- TRY IT
Copy every line of the entries that includes the word "Apartment".

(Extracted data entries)
####

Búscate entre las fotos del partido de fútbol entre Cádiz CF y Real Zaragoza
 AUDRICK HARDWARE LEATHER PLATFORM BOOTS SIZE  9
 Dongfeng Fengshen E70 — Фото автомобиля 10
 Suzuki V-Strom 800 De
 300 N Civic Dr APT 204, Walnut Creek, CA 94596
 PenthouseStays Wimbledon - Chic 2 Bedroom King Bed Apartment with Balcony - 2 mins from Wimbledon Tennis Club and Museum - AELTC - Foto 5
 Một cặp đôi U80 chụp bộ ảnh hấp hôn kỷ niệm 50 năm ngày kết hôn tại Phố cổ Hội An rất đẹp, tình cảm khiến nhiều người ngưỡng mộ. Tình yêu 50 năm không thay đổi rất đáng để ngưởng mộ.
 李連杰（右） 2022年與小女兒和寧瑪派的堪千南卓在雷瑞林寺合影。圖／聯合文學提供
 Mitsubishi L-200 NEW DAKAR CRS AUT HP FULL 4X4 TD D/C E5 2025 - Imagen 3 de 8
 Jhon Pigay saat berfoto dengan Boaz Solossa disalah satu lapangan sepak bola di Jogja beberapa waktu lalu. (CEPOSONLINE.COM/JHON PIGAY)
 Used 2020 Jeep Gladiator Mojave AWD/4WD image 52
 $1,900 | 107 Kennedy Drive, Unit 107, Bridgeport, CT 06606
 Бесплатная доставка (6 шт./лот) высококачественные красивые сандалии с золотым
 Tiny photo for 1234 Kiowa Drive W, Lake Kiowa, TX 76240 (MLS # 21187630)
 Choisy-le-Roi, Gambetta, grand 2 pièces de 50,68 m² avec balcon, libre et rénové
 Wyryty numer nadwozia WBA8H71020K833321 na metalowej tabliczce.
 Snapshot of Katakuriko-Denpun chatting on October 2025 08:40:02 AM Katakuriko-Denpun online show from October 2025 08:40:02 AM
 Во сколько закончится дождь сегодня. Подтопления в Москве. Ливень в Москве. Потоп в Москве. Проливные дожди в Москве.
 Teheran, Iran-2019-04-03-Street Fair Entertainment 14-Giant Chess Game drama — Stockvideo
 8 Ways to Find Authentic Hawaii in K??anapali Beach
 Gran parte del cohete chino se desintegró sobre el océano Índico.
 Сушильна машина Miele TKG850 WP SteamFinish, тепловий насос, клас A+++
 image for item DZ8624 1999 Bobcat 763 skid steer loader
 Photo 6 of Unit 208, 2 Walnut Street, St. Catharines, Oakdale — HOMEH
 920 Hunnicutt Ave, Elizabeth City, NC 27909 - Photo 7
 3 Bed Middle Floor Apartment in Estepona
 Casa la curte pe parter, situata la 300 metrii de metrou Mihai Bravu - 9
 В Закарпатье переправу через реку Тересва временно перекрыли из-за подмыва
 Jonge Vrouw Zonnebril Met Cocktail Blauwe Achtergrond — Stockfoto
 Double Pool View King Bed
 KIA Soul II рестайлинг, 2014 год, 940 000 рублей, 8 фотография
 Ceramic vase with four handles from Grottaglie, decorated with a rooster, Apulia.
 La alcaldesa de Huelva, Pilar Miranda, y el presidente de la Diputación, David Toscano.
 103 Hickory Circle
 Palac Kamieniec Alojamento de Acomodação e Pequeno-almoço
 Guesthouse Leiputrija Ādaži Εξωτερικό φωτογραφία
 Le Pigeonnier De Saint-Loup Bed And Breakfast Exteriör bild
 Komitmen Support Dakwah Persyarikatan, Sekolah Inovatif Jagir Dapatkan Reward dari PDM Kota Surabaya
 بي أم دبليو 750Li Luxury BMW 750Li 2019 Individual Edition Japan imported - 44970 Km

####

- ANSWER FOR THIS EXERCISE
 PenthouseStays Wimbledon - Chic 2 Bedroom King Bed Apartment with Balcony - 2 mins from Wimbledon Tennis Club and Museum - AELTC - Foto 5
 3 Bed Middle Floor Apartment in Estepona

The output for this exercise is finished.